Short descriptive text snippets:
Segment Open
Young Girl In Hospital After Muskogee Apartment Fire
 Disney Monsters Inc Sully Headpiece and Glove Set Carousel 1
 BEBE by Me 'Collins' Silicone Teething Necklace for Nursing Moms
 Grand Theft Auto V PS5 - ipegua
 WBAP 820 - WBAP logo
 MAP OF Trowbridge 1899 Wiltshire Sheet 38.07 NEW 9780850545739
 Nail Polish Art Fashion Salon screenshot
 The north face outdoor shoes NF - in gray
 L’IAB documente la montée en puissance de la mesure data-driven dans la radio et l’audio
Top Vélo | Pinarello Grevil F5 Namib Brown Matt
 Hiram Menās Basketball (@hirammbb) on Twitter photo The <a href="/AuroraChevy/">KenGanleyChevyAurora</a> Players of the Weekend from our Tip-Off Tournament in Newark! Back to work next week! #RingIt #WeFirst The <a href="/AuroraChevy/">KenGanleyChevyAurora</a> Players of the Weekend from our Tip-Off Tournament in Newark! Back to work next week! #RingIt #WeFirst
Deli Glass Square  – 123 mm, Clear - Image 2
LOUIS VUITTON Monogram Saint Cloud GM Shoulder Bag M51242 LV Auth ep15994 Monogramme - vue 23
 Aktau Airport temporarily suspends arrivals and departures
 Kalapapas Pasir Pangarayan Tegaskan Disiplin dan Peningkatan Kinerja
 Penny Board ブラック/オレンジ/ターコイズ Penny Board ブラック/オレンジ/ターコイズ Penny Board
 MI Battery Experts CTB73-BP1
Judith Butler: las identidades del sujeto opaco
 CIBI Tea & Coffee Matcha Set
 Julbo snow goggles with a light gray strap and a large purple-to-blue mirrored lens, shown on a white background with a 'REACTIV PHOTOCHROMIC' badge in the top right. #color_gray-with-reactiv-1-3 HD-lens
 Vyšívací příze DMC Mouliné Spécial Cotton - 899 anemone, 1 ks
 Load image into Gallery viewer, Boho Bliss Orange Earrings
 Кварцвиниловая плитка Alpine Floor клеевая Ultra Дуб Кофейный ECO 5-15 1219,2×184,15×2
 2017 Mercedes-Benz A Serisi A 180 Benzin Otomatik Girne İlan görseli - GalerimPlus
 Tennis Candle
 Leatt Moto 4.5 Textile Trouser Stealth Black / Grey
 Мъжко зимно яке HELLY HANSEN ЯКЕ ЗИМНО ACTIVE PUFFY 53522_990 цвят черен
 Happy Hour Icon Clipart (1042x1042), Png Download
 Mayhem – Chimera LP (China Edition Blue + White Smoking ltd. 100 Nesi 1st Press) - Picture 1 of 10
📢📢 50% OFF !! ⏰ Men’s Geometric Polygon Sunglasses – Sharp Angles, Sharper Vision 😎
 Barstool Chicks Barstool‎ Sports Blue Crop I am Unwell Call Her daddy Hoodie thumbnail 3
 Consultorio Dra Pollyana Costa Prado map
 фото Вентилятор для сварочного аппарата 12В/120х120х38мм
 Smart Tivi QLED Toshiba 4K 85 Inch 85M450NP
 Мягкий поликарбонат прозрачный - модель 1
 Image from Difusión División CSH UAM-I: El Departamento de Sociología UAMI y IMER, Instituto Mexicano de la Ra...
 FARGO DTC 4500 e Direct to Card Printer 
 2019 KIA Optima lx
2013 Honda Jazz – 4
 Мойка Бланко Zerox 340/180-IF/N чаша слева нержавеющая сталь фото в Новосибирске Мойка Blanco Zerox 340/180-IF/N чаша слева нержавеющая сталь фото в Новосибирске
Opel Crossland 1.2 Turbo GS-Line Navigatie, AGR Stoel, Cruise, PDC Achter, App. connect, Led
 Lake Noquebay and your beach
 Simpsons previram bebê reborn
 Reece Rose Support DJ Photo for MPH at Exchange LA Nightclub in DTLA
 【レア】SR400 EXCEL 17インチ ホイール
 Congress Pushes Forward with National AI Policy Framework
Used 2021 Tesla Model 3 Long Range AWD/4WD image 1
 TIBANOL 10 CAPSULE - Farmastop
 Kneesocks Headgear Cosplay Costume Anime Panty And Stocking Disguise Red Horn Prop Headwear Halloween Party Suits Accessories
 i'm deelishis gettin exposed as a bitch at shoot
Segment Closed
Requirement -
Each line above that contains the word "gray" must be copied.

Result -
 The north face outdoor shoes NF - in gray
 Julbo snow goggles with a light gray strap and a large purple-to-blue mirrored lens, shown on a white background with a 'REACTIV PHOTOCHROMIC' badge in the top right. #color_gray-with-reactiv-1-3 HD-lens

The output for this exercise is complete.